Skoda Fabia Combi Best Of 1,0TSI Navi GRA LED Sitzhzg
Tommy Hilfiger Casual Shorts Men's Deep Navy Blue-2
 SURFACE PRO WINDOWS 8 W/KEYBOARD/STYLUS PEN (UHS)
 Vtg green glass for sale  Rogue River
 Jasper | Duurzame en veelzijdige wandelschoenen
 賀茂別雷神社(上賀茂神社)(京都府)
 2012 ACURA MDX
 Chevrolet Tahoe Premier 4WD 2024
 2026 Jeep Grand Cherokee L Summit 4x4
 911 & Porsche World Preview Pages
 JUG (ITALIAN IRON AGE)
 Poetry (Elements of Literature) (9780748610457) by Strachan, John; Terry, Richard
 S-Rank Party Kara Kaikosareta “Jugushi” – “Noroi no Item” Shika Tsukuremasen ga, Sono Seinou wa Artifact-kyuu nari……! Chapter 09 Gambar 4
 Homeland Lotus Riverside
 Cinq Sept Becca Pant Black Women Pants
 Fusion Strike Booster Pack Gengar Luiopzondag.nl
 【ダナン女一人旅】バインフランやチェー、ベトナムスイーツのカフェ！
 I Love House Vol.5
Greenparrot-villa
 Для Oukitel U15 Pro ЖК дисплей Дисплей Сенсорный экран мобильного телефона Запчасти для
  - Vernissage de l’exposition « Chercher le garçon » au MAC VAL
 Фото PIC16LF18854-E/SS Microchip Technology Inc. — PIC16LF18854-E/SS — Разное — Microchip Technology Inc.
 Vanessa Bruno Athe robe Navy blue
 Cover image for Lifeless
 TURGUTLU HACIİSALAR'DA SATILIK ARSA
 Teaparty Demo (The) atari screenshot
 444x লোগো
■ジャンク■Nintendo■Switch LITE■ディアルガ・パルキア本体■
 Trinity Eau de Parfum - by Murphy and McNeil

- Work order -
Repeat exactly, and only, the run of lines from the start of the material above through the line that holds "JUG (ITALIAN IRON AGE)".

- Output for this task -
Skoda Fabia Combi Best Of 1,0TSI Navi GRA LED Sitzhzg
Tommy Hilfiger Casual Shorts Men's Deep Navy Blue-2
 SURFACE PRO WINDOWS 8 W/KEYBOARD/STYLUS PEN (UHS)
 Vtg green glass for sale  Rogue River
 Jasper | Duurzame en veelzijdige wandelschoenen
 賀茂別雷神社(上賀茂神社)(京都府)
 2012 ACURA MDX
 Chevrolet Tahoe Premier 4WD 2024
 2026 Jeep Grand Cherokee L Summit 4x4
 911 & Porsche World Preview Pages
 JUG (ITALIAN IRON AGE)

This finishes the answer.